Ma qui si urta contro un muro non facilmente scavalcabile: nessun Vangelo canonico
(neppure quello di Giovanni secondo la critica moderna) si lascia datare dopo
l'anno 100 dopo Cristo e nessun apocrifo si lascia datare prima di tale anno
(i più arditi arrivano, con congetture, a datarli all'inizio del III
o a metà del II secolo). Tutti gli apocrifi attingono o suppongono i
Vangeli canonici; nessun Vangelo canonico attinge o suppone un vangelo apocrifo.
Per fare l'esempio oggi più in voga, dei 114 detti di Cristo nel Vangelo
copto di Tommaso, 79 hanno un parallelo nei Sinottici, 11 sono varianti delle
parabole sinottiche. Solo tre parabole non sono attestate altrove.
Augias, sulla scia di Elaine Pagels, crede di poter superare questo scarto
cronologico tra i Sinottici e il Vangelo di Tommaso ed è istruttivo
vedere in che modo. Nel Vangelo di Giovanni si assiste, secondo l'autore, a
un chiaro tentativo di screditare l'apostolo Tommaso, una vera persecuzione
nei suoi confronti, paragonabile a quella contro Giuda. Prova: l'insistenza
sulla incredulità di Tommaso! Ipotesi: l'autore del Quarto Vangelo
non vuole per caso screditare le dottrine che già a suo tempo circolavano
sotto il nome dell'apostolo Tommaso e che confluiranno in seguito nel vangelo
che porta il suo nome? Così è superato lo scarto cronologico.
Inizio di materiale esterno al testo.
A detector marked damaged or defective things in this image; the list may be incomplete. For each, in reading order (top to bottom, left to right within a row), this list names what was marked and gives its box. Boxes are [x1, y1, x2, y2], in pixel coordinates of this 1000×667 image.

Si dimentica, in questo modo, che l'evangelista Giovanni mette proprio sulla
bocca di Tommaso la più commovente dichiarazione di amore a Cristo («Andiamo
anche noi a morire con lui») e la più solenne professione di
fede in lui: «Mio Signore e mio Dio!» che, a detta di molti
esegeti, costituisce il coronamento di tutto il suo Vangelo. Se è un
perseguitato dai Vangeli canonici Tommaso, che dire del povero Pietro con tutto
quello che riferiscono sul suo conto! A meno che non sia avvenuto, anche nel
suo caso, per screditare i futuri apocrifi che portano il suo nome…
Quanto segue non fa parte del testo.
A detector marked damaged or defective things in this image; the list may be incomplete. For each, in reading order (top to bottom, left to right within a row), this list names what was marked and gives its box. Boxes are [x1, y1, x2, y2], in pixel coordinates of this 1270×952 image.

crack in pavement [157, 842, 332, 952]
Ma il punto principale non è neppure quello della data, è quello
dei contenuti dei vangeli apocrifi. Essi dicono esattamente il contrario di
quello per cui si invoca la loro autorità. I due autori sostengono
la tesi di un Gesù pienamente inserito nell'ebraismo, che non ha inteso
innovare in nulla rispetto ad esso, ma i vangeli apocrifi professano tutti,
chi più chi meno, una rottura violenta con l'Antico Testamento, facendo
di Gesù il rivelatore di un Dio diverso e superiore. La rivalutazione
della figura di Giuda nel vangelo omonimo si spiega in questa logica: con il
suo tradimento, egli aiuterà Gesù a liberarsi dell'ultimo residuo
del Dio creatore, il corpo!
Gli eroi positivi dell'Antico Testamento diventano negativi per loro e quelli
negativi, come Caino, positivi. Gesù è presentato nel libro come
un uomo che solo la Chiesa posteriore ha elevato al rango di Dio; i vangeli
apocrifi al contrario presentano un Gesù che è vero Dio, ma non
vero uomo, avendo rivestito solo l'apparenza di un corpo (docetismo). Per essi,
ciò che fa difficoltà non è la divinità di Cristo
ma la sua umanità. Si è disposti a seguire i vangeli apocrifi
su questo loro terreno?
Si potrebbe allungare la lista degli equivoci nell'uso dei vangeli apocrifi.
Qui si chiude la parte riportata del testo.